Compared with femoral artery access, radial artery intervention treatment has many obvious advantages. Firstly, there are no large veins or nerves near the radial artery puncture site, and there is an Allen's loop collateral circulation between the radial and ulnar arteries, which makes the occurrence of arteriovenous fistula, nerve damage, or hand ischemia extremely rare.


Secondly, patients who undergo radial artery puncture intervention treatment can immediately remove the sheath and perform compression, reducing the possibility of deep vein thrombosis and pulmonary embolism caused by long-term bed rest, which is beneficial to the patient's postoperative recovery.


Due to the quick recovery of patients who undergo radial artery puncture, the length of hospital stay can be greatly reduced, and the procedure can even be performed on an outpatient basis, resulting in a significant reduction in medical expenses.


Currently, almost all complex interventional procedures can be completed using a 6F guiding catheter through the radial artery route. Most operators have made radial artery puncture the preferred approach for percutaneous coronary interventionals.

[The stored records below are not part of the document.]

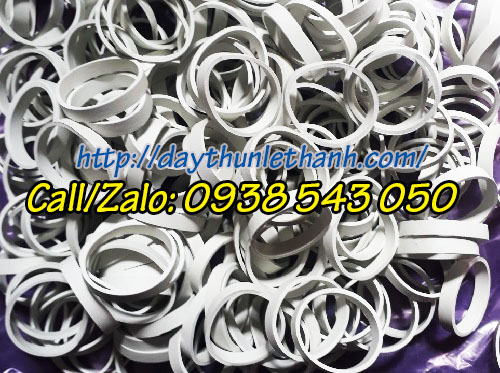 Thun bản lớn màu trắng sữa đường kính 25mm Thun bản lớn màu trắng sữa đường kính 25mm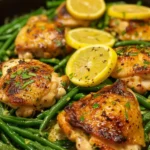 Serving Lemon Garlic Butter Chicken Thighs and Green Beans Skillet in a family-style dish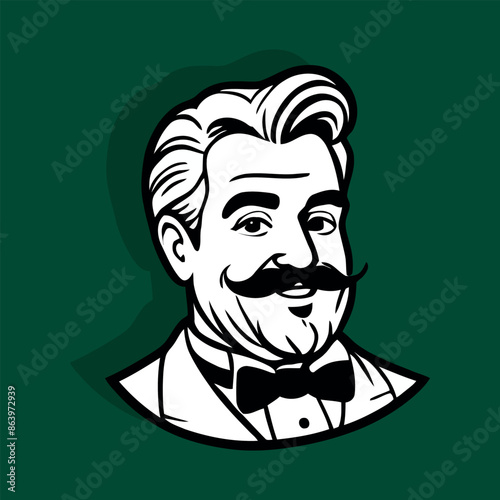 logo barberia, uomo con farfallino e baffi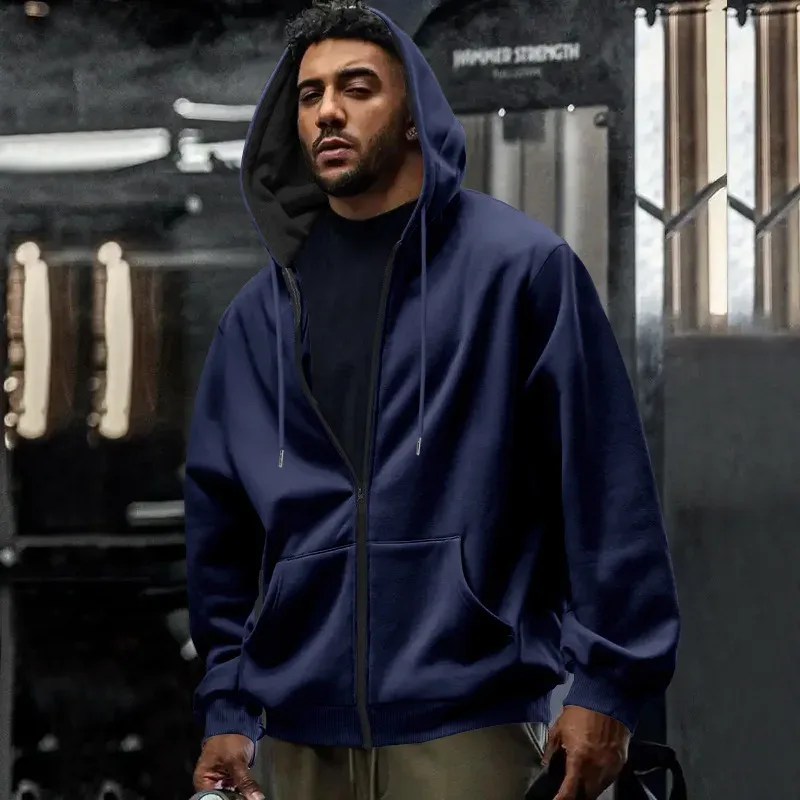 Novo 2026 outono casual sólido manga longa zíper com capuz moletom casaco masculino moda ao ar livre roupas esportivas jaquetas — image 13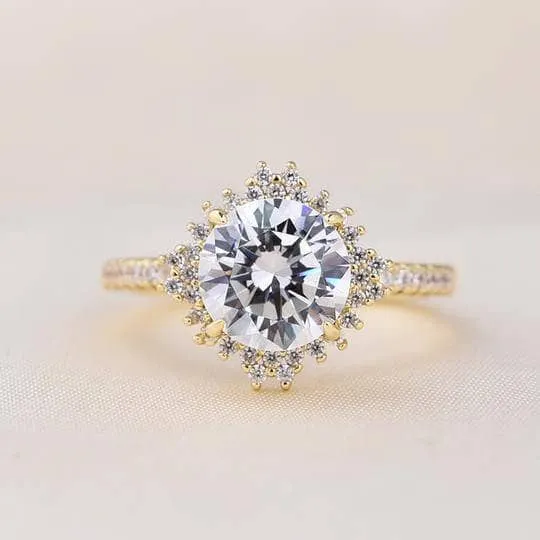 Yellow Gold Flower Halo Design Round Cut Wedding Set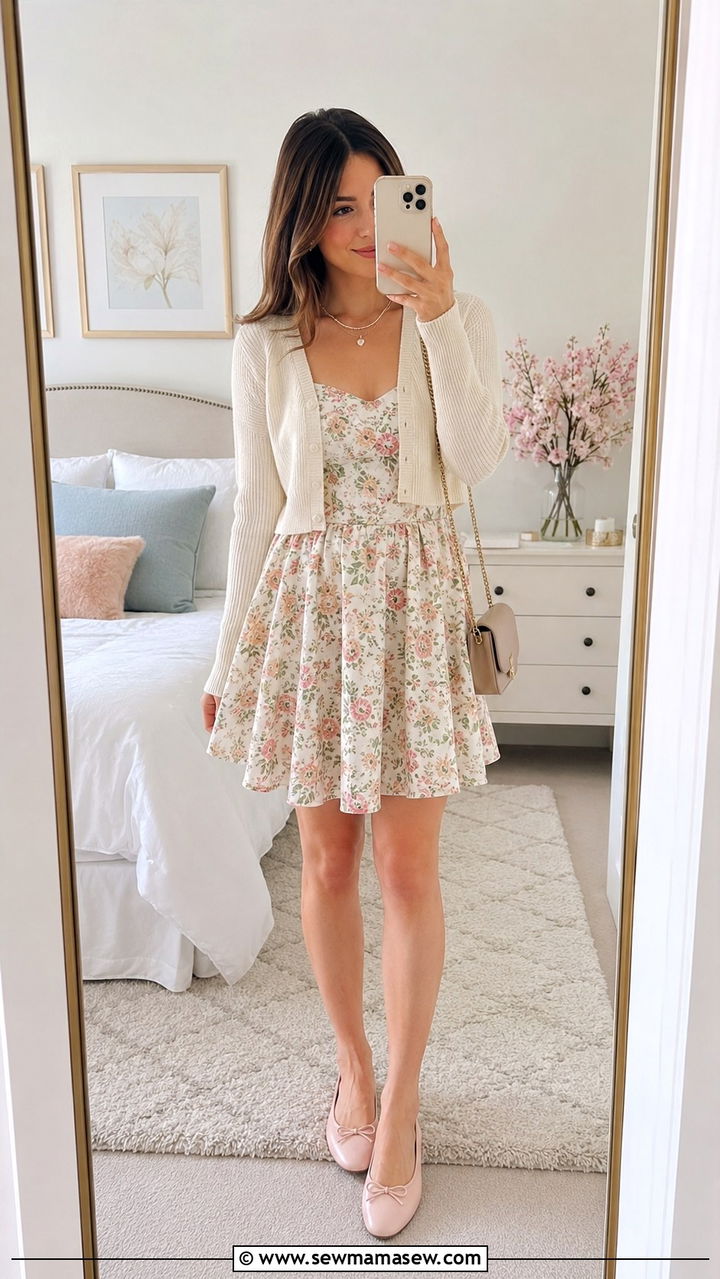Cardigan Over Fit and Flare Dress - 30 Petite outfit ideas with hourglass figure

Although radial artery access is widely welcomed by coronary interventional doctors, it still has its own problems. The radial artery has a small diameter and is one of the most easily spasming muscular vessels in the human body. Therefore, radial artery puncture is prone to failure due to missed vessel puncture or repeated stimulation-induced arterial spasm. Even after successful radial artery puncture and sheath placement, the pushing of instruments sometimes causes radial and upper arm artery spasms, leading to intervention failure. In addition, the tortuosity of arterial access routes, such as the subclavian artery and axillary artery, during radial artery puncture is also an important reason for the failure of vascular interventions treatment.